Just tried with Plan 9-derived compilers shipped with Go, and there's no bug (provided that my re-implementation of the test case is correct).

Arcticus · on June 19, 2012

Dan Saks did a great set of presentations called "C and C++ Gotchas" on these types of things at the 2006 Embedded Systems Conference in San Jose.

Sorry couldn't find a link that wasn't behind a paywall but here is one for reference.

http://eetimes.com/electrical-engineers/education-training/t...

WalterBright · on June 19, 2012

The Digital Mars C compiler returns the correct answer with or without optimization turned on.

krollew · on June 20, 2012

"That’s a lot of trouble being caused by a two-line function. C may be a small language, but it’s not a simple one." I disagree. C is very simple. You need to know C is not suppoused to work the same on platform and I guess behaviour you have tested is not defined by standard. I think every good C programmer know when he have to be causious because behaviour may be platform dependent. In matter of fact you did as well. I guess case you've studdied is not common to be used in real code. If so, there is very easy solution:

  #if ((char)CHAR_MAX) + 1 > ((char)CHAR_MAX)
   /* some code here */
  #else
   /* some code here */
  #endif

There is no problem to me.

cperciva · on June 20, 2012

Every problem has a solution which is simple, elegant, and doesn't work. This is it.

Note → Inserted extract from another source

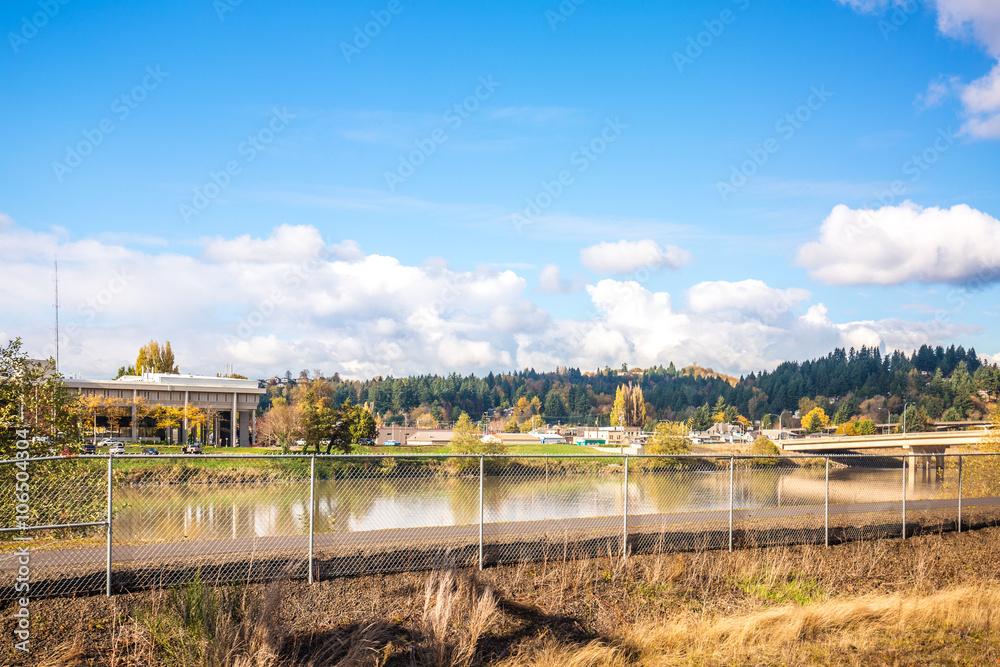 landscape of river with iron gauze in blue sky in portland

Section 6.10.1, paragraph 4: "... For the purposes of this token conversion and evaluation, all signed integer types and all unsigned integer types act as if they have the same represenation as, respectively, the types intmax_t and uintmax_t..."

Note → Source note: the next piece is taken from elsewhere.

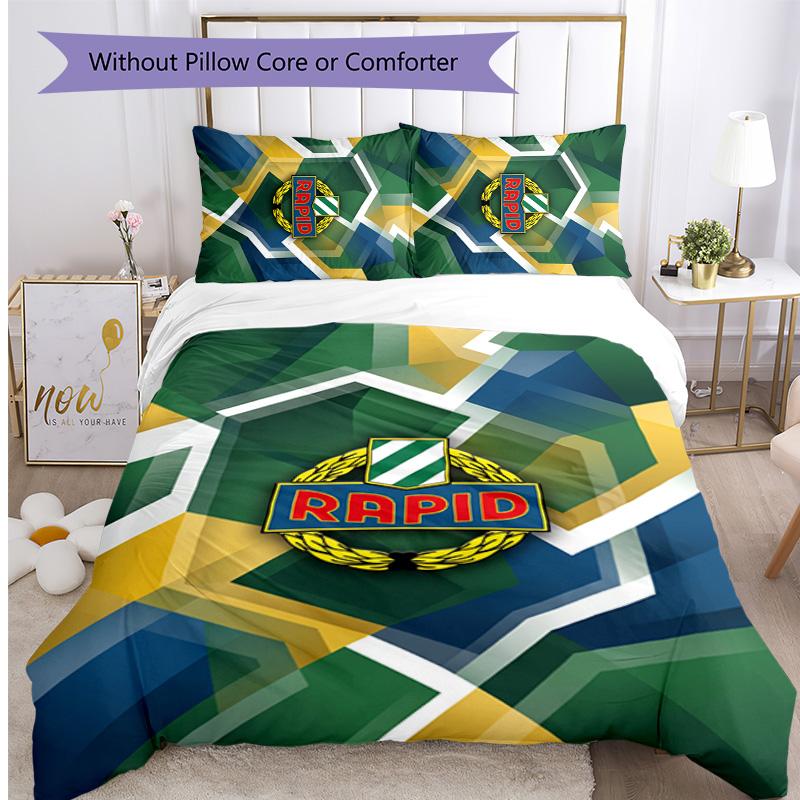 Rapid Wien FC Printed 3PCS Bedding Set Breathable Duvet Cover with Pillowcases Decorative Bed Linen for Bedroom Home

Inside preprocessor directives, your chars aren't chars any more.

krollew · on June 21, 2012

So what they are? Why it doesn't work? Your quote don't clarify.

cperciva · on June 21, 2012

Your "char" in a preprocessor directive is either a uintmax_t or an intmax_t. Either way, it's going to end up as #if 128 > 127 or #if 256 > 255 -- so the first case will always end up being included.

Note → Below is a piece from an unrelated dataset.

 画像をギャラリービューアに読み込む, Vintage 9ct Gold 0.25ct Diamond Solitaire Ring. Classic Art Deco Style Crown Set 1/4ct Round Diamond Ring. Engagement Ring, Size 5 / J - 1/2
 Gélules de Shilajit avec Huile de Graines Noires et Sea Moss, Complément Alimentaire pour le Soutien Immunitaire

krollew · on June 22, 2012

It's standard behaviour or one compiler does so? Outside preprocessor char has another meaning? Thanks anyway.

cperciva · on June 22, 2012

Outside of the preprocessor, the char type is a one-byte integer (whether it's signed or not is implementation-defined).

krollew · on June 22, 2012

So the good solution is make a test that finds it out, for example in configuration script and set proper preprocessor constant and test that constant instead.

DanielBMarkham · on June 19, 2012

I confess to just scanning the code and being cold on C right now, but isn't ++x a post increment? That is, it occurs after the rest of the expression has been evaluated? (as opposed to x++, which is a pre-increment) Just guessing that the perhaps the issue is when the actual overflow is occurring.

acqq · on June 19, 2012

Mnemonic: read as when you would read the text, left to right:

   ++x increment than use the value x. 
   x++ use the value x then increment.

vhf · on June 19, 2012

It is the opposite, like in many other languages. e.g.

  int i = 0;
  printf("%i %i", i++, ++i); // prints "0 2"

Same goes in C, C++, Java, PHP, ...

[EDIT] Turns out this is a bad example, as "the order in which function arguments are evaluated is undefined" (cf. below) Correct is :

  int i = 0;
  printf("%i", i++); // prints 0
  printf("%i", ++i); // prints 2

decklin · on June 19, 2012

Actually, the order in which function arguments are evaluated is undefined. http://c-faq.com/expr/comma.html

You can use a comma in other expressions to introduce a sequence point: http://c-faq.com/~scs/cgi-bin/faqcat.cgi?sec=expr#seqpoints

vhf · on June 19, 2012

Thanks for your clever comment and for those emitting similar concerns.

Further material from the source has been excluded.